Futher improvement direction
- Train detector on specific dataset rather than the official one.
- Retrain REID model on pedestrain dataset for better performance.
- Replace YOLOv3 detector with advanced ones.

Any contributions to this repository is welcome!

![](images/demo.gif)

## Introduction
This is an implement of MOT tracking algorithm deep sort. Deep sort is basicly the same with sort but added a CNN model to extract features in image of human part bounded by a detector. This CNN model is indeed a RE-ID model and the detector used in [PAPER](https://arxiv.org/abs/1703.07402) is FasterRCNN , and the original source code is [HERE](https://github.com/nwojke/deep_sort).
However in original code, the CNN model is implemented with tensorflow, which I'm not familier with. SO I re-implemented the CNN feature extraction model with PyTorch, and changed the CNN model a little bit.

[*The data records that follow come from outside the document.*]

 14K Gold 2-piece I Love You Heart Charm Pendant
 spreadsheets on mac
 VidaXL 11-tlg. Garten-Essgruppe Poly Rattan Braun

Also, I use **YOLOv3** to generate bboxes instead of FasterRCNN.

## Dependencies
- python 3 (python2 not sure)
- numpy
- scipy
- opencv-python
- sklearn
- pytorch 0.4 or 1.x

## Quick Start
0. Check all dependencies installed
```bash
pip install -r requirements.txt
```
for user in china, you can specify pypi source to accelerate install like:
```bash
pip install -r requirements.txt -i https://pypi.tuna.tsinghua.edu.cn/simple
```

1. Clone this repository
```
git clone git@github.com:ZQPei/deep_sort_pytorch.git
```

2. Download YOLOv3 parameters
```
cd YOLOv3/
wget https://pjreddie.com/media/files/yolov3.weights
cd ..
```

3. Download deepsort parameters ckpt.t7
```
cd deep_sort/deep/checkpoint
# download ckpt.t7 from
https://drive.google.com/drive/folders/1xhG0kRH1EX5B9_Iz8gQJb7UNnn_riXi6 to this folder
cd ../../../
```

4. Run demo
```
usage: demo_yolo3_deepsort.py VIDEO_PATH
[--help]
[--yolo_cfg YOLO_CFG]
[--yolo_weights YOLO_WEIGHTS]
[--yolo_names YOLO_NAMES]
[--conf_thresh CONF_THRESH]
[--nms_thresh NMS_THRESH]
[--deepsort_checkpoint DEEPSORT_CHECKPOINT]
[--max_dist MAX_DIST] [--ignore_display]
[--display_width DISPLAY_WIDTH]
[--display_height DISPLAY_HEIGHT]
[--save_path SAVE_PATH]
```

All files above can also be accessed from BaiduDisk!
linker:https://pan.baidu.com/s/1TEFdef9tkJVT0Vf0DUZvrg
passwd:1eqo

## Training the RE-ID model
The original model used in paper is in original_model.py, and its parameter here [original_ckpt.t7](https://drive.google.com/drive/folders/1xhG0kRH1EX5B9_Iz8gQJb7UNnn_riXi6).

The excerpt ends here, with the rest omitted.